InternationalOpinion

The video game industry needs unionization

We need to be critical about what kind of labour goes into the our video games

On October 14, while promoting the supreme scale and visual fidelity of Red Dead Redemption 2, Dan Hauser, lead writer at Rockstar Studios, commented that their writing team was pulling off “100-hour work weeks” in order to complete the game on time. In spite of a last-minute PR campaign to reassure the public, Rockstar’s statement highlights the need for the video game industry to take steps towards protecting its workers, especially in the context the notorious phenomenon of “crunch time” in AAA game development.

“Crunch time” is essentially unpaid overtime, where game developers work extended hours to complete a game for launch over weeks, months, or sometimes years. Walt Williams, writer of the critically acclaimed Spec Ops: The Line, wrote in his book Significant Zero about his complicated feelings regarding crunch. He regards it as both an exploitative and entirely avoidable industry practice, yet an inextricable part of the creative process. However, no one would argue that it’s not a physically, emotionally, and psychologically draining ordeal for any developer.

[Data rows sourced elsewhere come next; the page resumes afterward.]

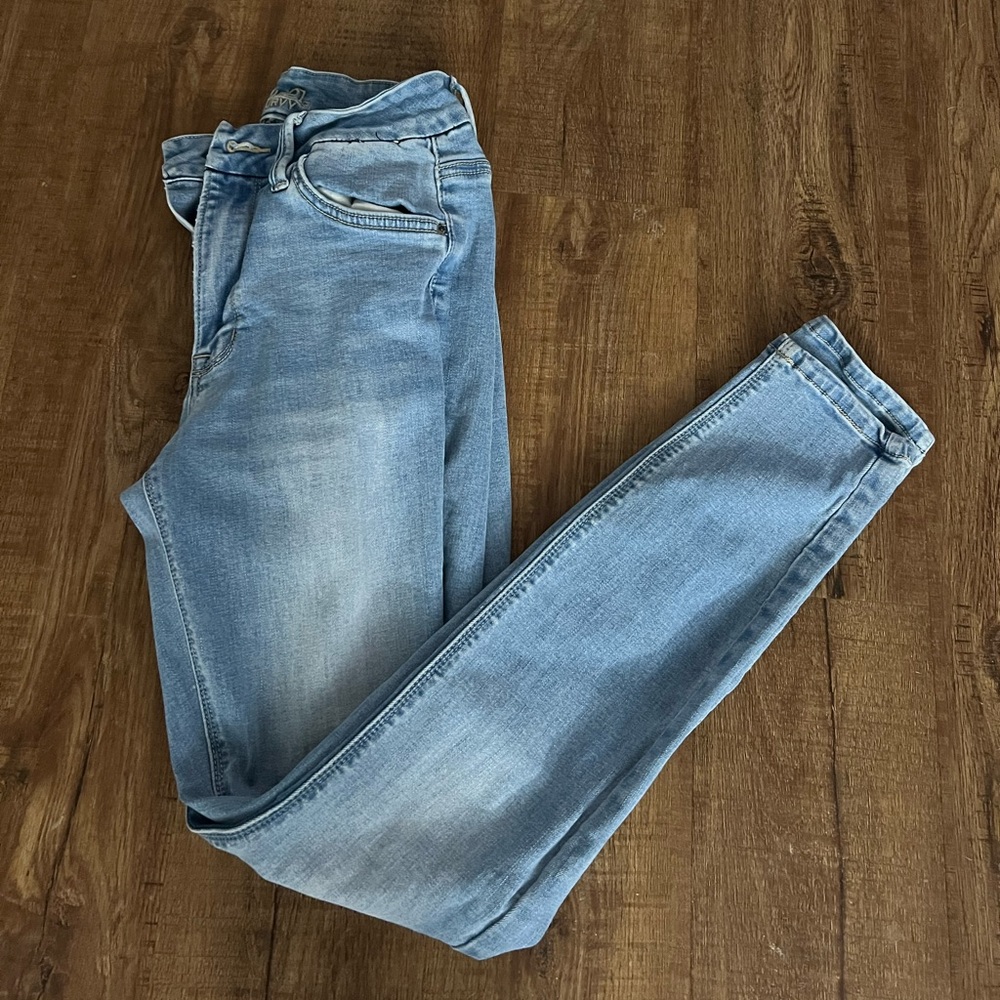 Rue 21 Curvy Jeans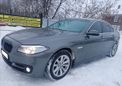  BMW 5-Series 2015 , 1775000 , 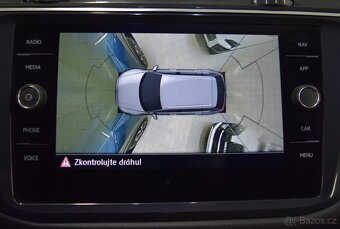 Volkswagen Tiguan Allspace 2.0 TDI VIRTUAL PO SERVISU VW-DPH - 16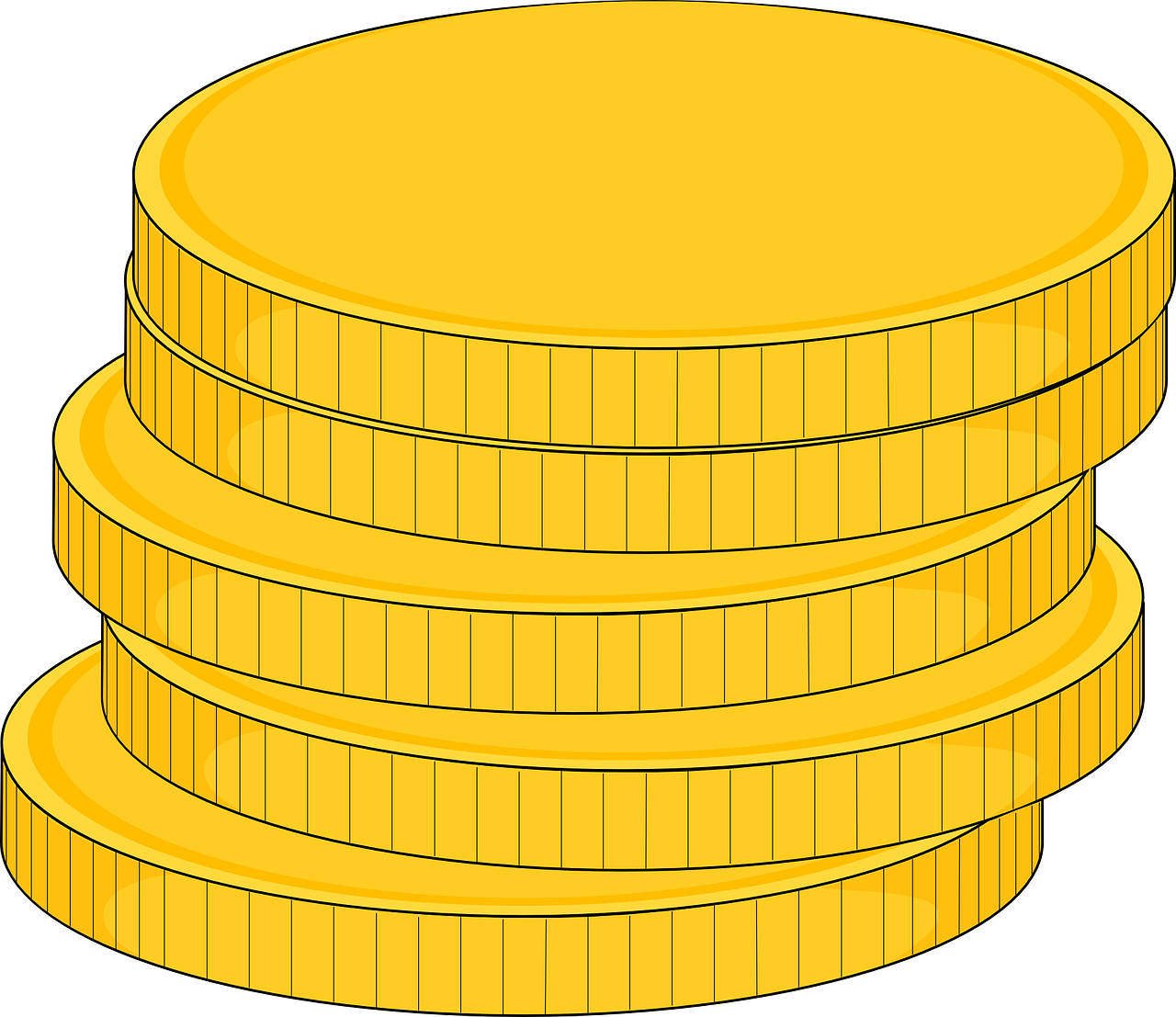 coins, gold, stacked-29516.jpg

Crunch can and must be addressed somehow — recent industry news has only further revealed the need for unionization. On September 21, 90 per cent of Telltale Games (up to 250 employees) were immediately fired without proper notice or severance and given 30 minutes to leave their building. Up until this mass downsizing, the studio’s management had followed a never-ending path of chasing licensing contracts, year-long crunching on deadlines, and other unsustainable business strategies. Once thought of as one of the most exciting and innovative studios in the industry, Telltale Games ultimately closed down, leaving behind a swath of mediocre releases, cancelled projects, and burnt-out employees left stranded to rebuild their careers.

Unions can help in ensuring that video games are produced more sustainably and ethically. They would ensure that developers are properly compensated for crunch time, as well as being effectively and fairly managed. Other elements like their royalties, severance, and health benefits would also become safeguarded. Unions would also fight for representation and equal pay within the workplace, and protect developers from draconian contracts and non-disclosure agreements. Video game development is undoubtedly hard — virtually all dev stories are that of adversity, pain, and compromise — but unions could help cushion the blow.  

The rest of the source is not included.